Abstract
Abstract The InSight mission has operated on the surface of Mars for nearly two Earth years, returning detections of the first marsquakes. The lander also deployed a meteorological instrument package and cameras to monitor local surface activity. These instruments have detected boundary layer phenomena, including small-scale vortices. These vortices register as short-lived, negative pressure excursions and closely resemble those that could generate dust devils. Although our analysis shows that InSight encountered more than 900 vortices and collected more than 1000 images of the Martian surface, no active dust devils were imaged. In spite of the lack of dust devil detections, we can leverage the vortex detections and InSight’s daily wind speed measurements to learn about the boundary layer processes that create dust devils. We discuss our analysis of InSight’s meteorological data to assess the statistics of vortex and dust devil activity. We also infer encounter distances for the vortices and, therefrom, the maximum vortex wind speeds. Surveying the available imagery, we place upper limits on what fraction of vortices carry dust (i.e., how many are bona fide dust devils) and estimate threshold wind speeds for dust lifting. Comparing our results to detections of dust devil tracks seen in space-based observations of the InSight landing site, we can also infer thresholds and frequency of track formation by vortices.
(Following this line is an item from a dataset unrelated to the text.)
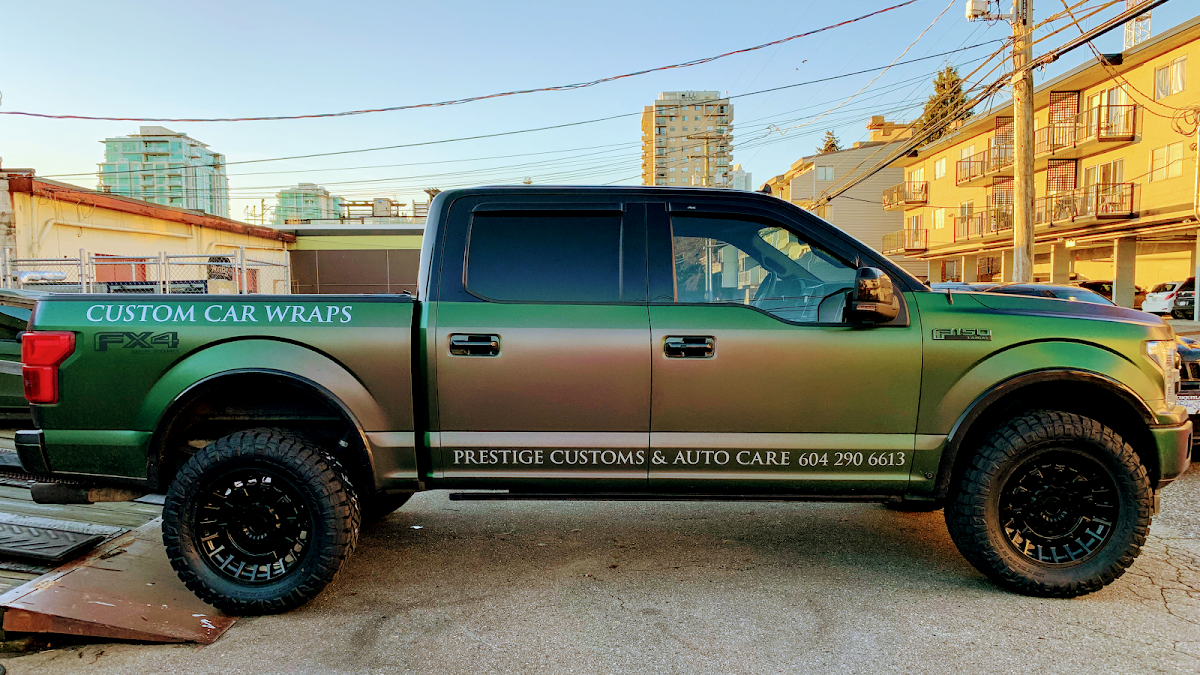 Vehicle wrap work from Prestige Customs & Auto Care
Comparing vortex encounters and parameters with advective wind speeds, we find evidence that high wind speeds at InSight may have suppressed the formation of dust devils, explaining the lack of imaged dust devils.
Highlights
The InSight spacecraft landed on Elysium Planitia (4°.5N, 135°.6E; Golombek et al 2020) on 2018 November 28, carrying suites of both geophysical (Banerdt et al 2020) and meteorological instruments (Banfield et al 2019, 2020)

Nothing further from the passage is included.